Martina, la protagonista de “Julio”, se pregunta si es obligatorio en ese país el lavado de cerebro y, en “Enero”, Damek se cambia el nombre eslovaco por Adam como intento para asimilarse a la sociedad neoyorquina, pero a poco de andar reconoce que no tiene un hogar ni una patria ni siquiera con el nuevo nombre. Las voces críticas también se extienden a los ciudadanos de Estados Unidos en un cuestionamiento idéntico al que realiza por estos días un argentino medio: “Como todo el mundo en este país, a mi hija le importan sus derechos, no las obligaciones”.

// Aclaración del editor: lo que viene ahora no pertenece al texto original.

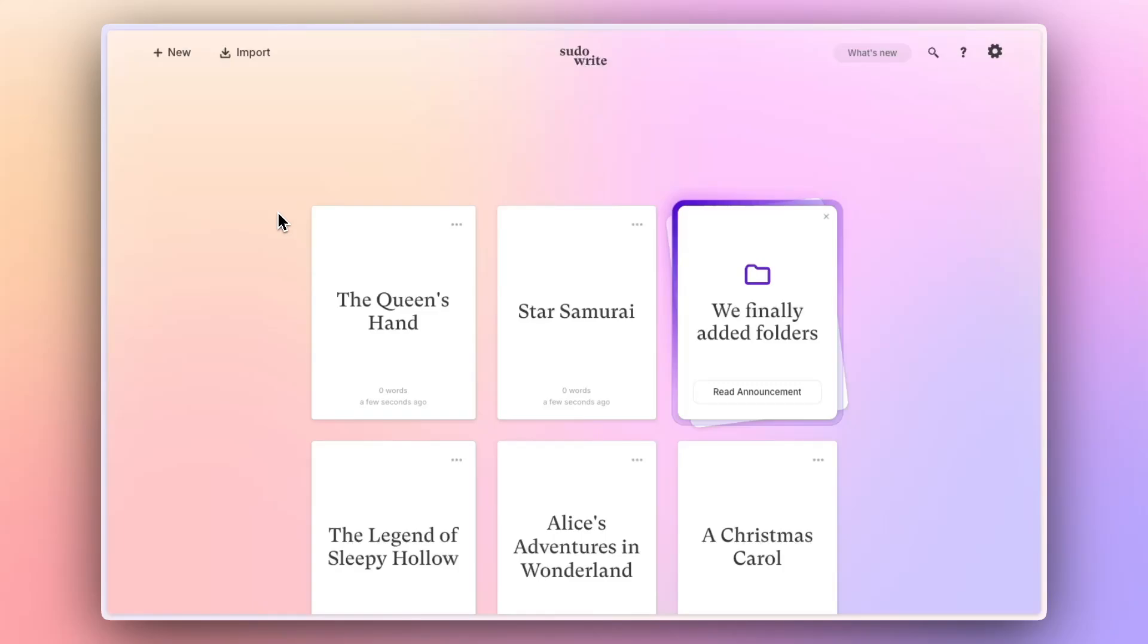Project folders are a new way to keep yourself focused and organized on pseudowrite. Here's how they work.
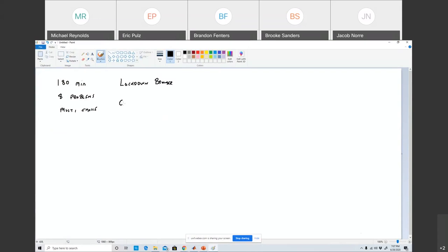Another thing I recommend and want to make sure you know is that it is open book and open notes. But here's the deal — I know some of you only have an electronic book and maybe only electronic notes. So what do you do? If you're in lockdown browser mode, how are you going to access that? I would recommend that you print some of that stuff out. It would be better if you had a physical copy of the textbook. You can have your book, you can have your notes — that's fine.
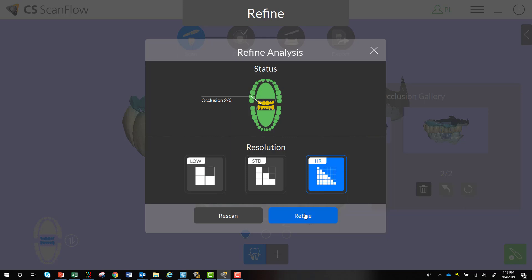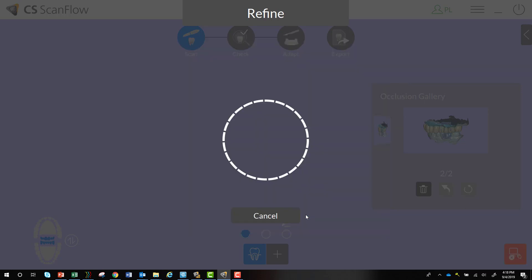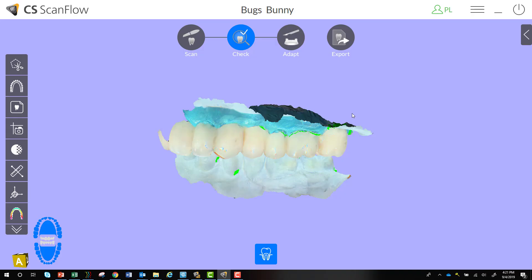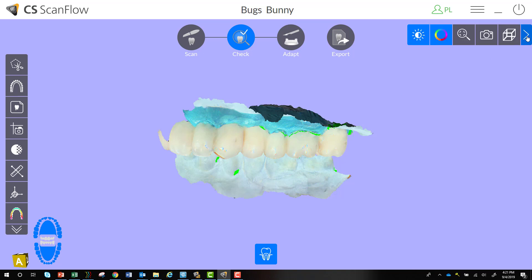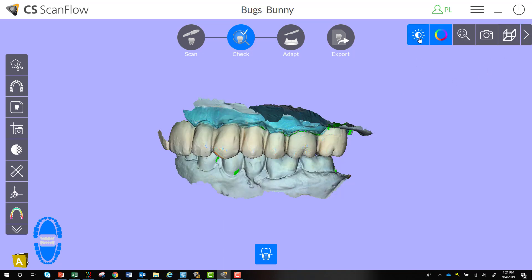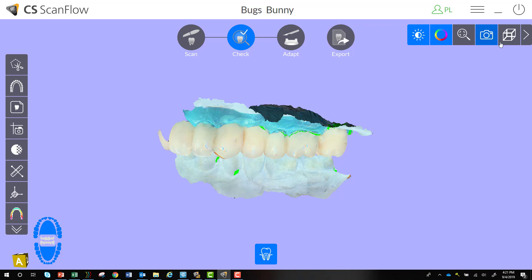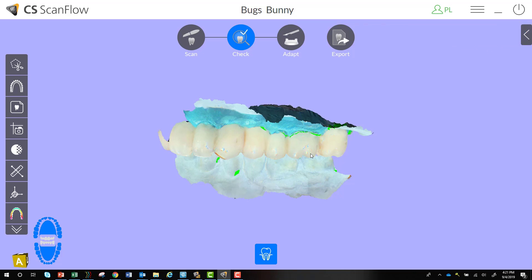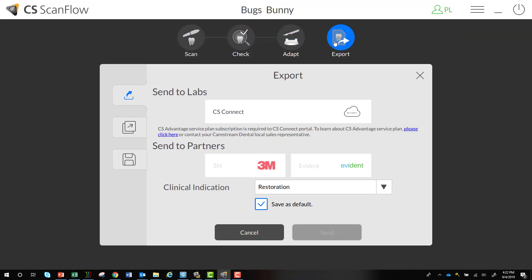Now we're refined, and the different color options to view the scan are located with this little arrow — you can select contrasted color mode or monochromatic mode. Other features will be covered in a different video. Once that looks good, you can go right to Export. Under Adapt there are additional tools I'll cover separately, but you can go right to exporting or saving the scan.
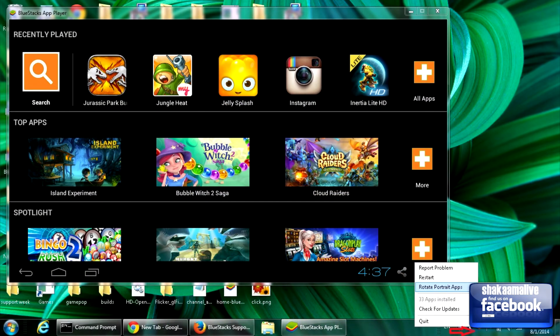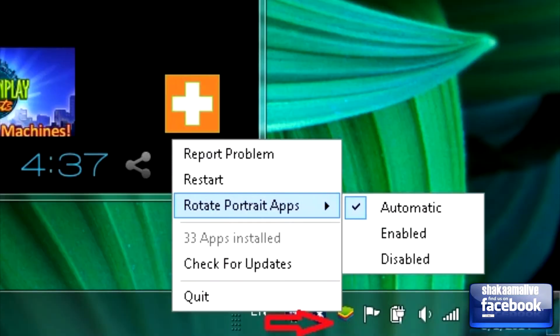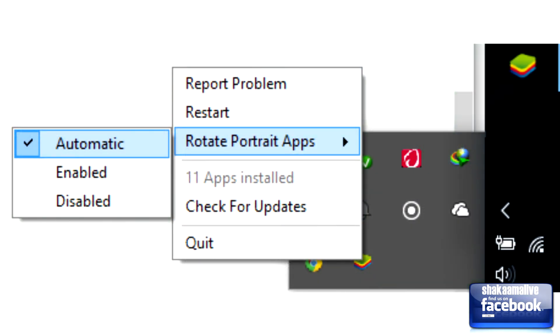You go to the BlueStacks icon in the lower right, bottom right of your desktop next to your time clock, right click on it, and it will pop up the menu: report problem, restart, rotate portrait apps, installed apps, check for updates and quit.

Estos cuentos llevan por títulos los nombres de los meses de años distintos con historias que están ambientadas en los Estados Unidos a fines del siglo XX y en lo que va del XXI, configurándose en la mayoría de ellos, detrás de los conflictos psicológicos que plantean (en “Agosto”, que da título al libro, es la posible muerte del marido de Dominic, en “Julio” la de una gata, en “Abril”, las vivencias de un adolescente) la crítica acerada hacia un sistema de vida de un pregonado primer mundo y un sueño americano donde sólo cuenta la capacidad de lucro y la soledad de cada persona parece estar dentro de una campana. Claudia Schultz, la protagonista de “Julio”, reconoce que Nueva York pervirtió su generosidad de campesina, que los favores dispensados procuran sólo el beneficio propio, que ahora ella actúa por apatía moral y supervivencia “en la ciudad de Batman y las ratas”. Las confidencias de Claudia a su amigo Hiroschi, corresponsal de un medio extranjero, tienen como contexto una ciudad donde todos pasan, “los ciclistas, los patinadores, los joggers”, y son muestrarios de incomunicación, aislamiento y desinterés del prójimo.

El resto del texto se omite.